Re: Three weeks left until feature freeze - Mailing list pgsql-hackers

From Jonah H. Harris
Subject Re: Three weeks left until feature freeze
Date
Msg-id 36e682920607130622l4999ec80n5a485b0ea622f120@mail.gmail.com
Whole thread Raw
In response to Re: Three weeks left until feature freeze  (Josh Berkus <josh@agliodbs.com>)
Responses Re: Three weeks left until feature freeze  (Dave Cramer <pg@fastcrypt.com>)
Re: Three weeks left until feature freeze  (Lukas Smith <smith@pooteeweet.org>)
Re: Three weeks left until feature freeze  (Tom Lane <tgl@sss.pgh.pa.us>)
Re: Three weeks left until feature freeze  ("Marc G. Fournier" <scrappy@postgresql.org>)
List pgsql-hackers
On 7/13/06, Josh Berkus <josh@agliodbs.com> wrote:
> I'm starting to have second thoughts about this suggestion.  I was
> enthusiastic about it at the summit, but I was unaware of the sheer size
> of PL/Java.  38,000 lines of code is 8% of the total size of Postgresql
> ... for *one* PL.

Josh,

I still don't see the problem; 38K lines of code really isn't that
much.  I have personal proof-of-concept projects bigger than that.
The question really is whether it's going to be maintained and by
whom.  Tom, Neil, et al will not be the ones maintaining it on a
regular basis.

> Dave Cramer acquainted me with some of the difficulties of doing a Java
> PL today, and I understand why it needs to be that large.  However,
> 38,000 lines of code -- much of it in a non-C language -- presents a
> possible debugging/maintenance major headache, especially if you someday
> left the project for some reason.

Again, I guess it comes down to what we're willing to let go.  If we
want new users who want certain functionality in the system to be
happy, we include it.  Otherwise, we do as we do now, keeping tons of
projects on pgfoundry and hoping a user doesn't just pass us by
because they installed PostgreSQL and didn't see the things they
want/need in the core.  Of course, this will last until MySQL goes
ahead and adds a Java PL and the user doesn't even glance over at
us... but I guess that falls back to the argument of, "what kind of
user do we really want".  Almost everyone here who's ever done
real-world consulting on PostgreSQL has run into PL/Java at some point
in time, so it is used and used often.

> This attitude does you no credit, Thomas.

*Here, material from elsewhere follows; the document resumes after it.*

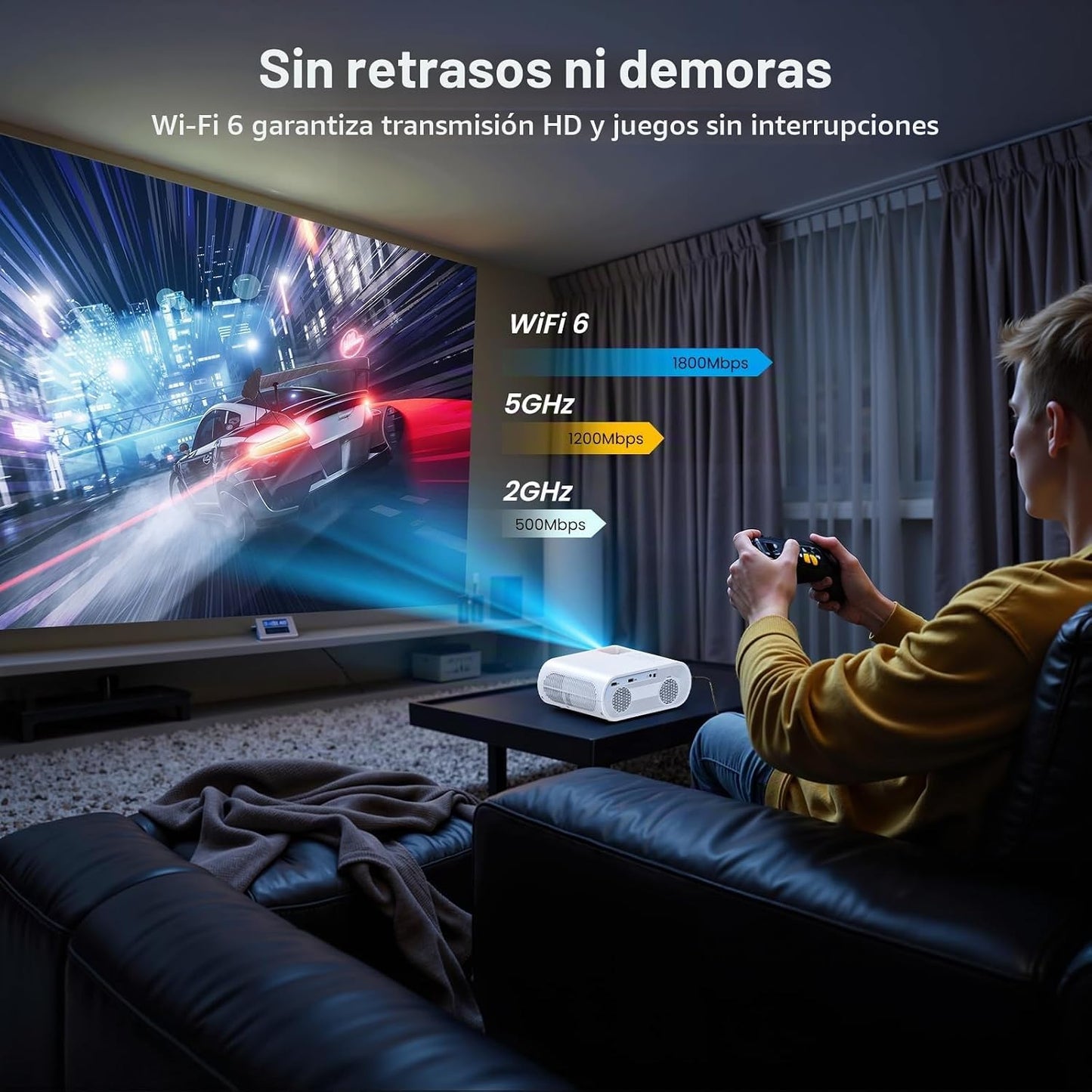Proyector inteligente ANSI 1500, proyector HOMPOW 4K con WiFi y Blu...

That may be, but I completely understand Thomas' frustration.  This
topic wasn't his idea yet his project is being bashed on pretty well.
If you know of some way to turn 38K lines of code into 5K, or can
magically translate Java code to C, he may be open to it... but
complaining about something someone spent free-time on devotedly for
several years is just going to cause problems... neither is making
arguments by comparing it to a much less complete implementation.

The point is, this is just politics without common sense.  PL/Java
works and works well, if you haven't used it or PL/J, please don't
talk about it like you know it; it just spreads misinformation through
the forum.  The fact is that a lot of people use PL/Java, you asked
about including it in the core, it's a stable PL, and Thomas is
willing to continue maintaining and improving it.  My vote is that we
add it to the core and let him continue to do so.

As for the JVM worries, it's perfectly fine for anyone to ship the
JVM.  If we wanted to include the JVM in official PostgreSQL
distributions, we can do so.  Otherwise, we can just rely on the user
to have a JVM installed.  Better yet, Sun supports PostgreSQL, so get
them to do a specific distribution license.  There aren't that many
options so I don't see the need to plan contingencies ad nauseam.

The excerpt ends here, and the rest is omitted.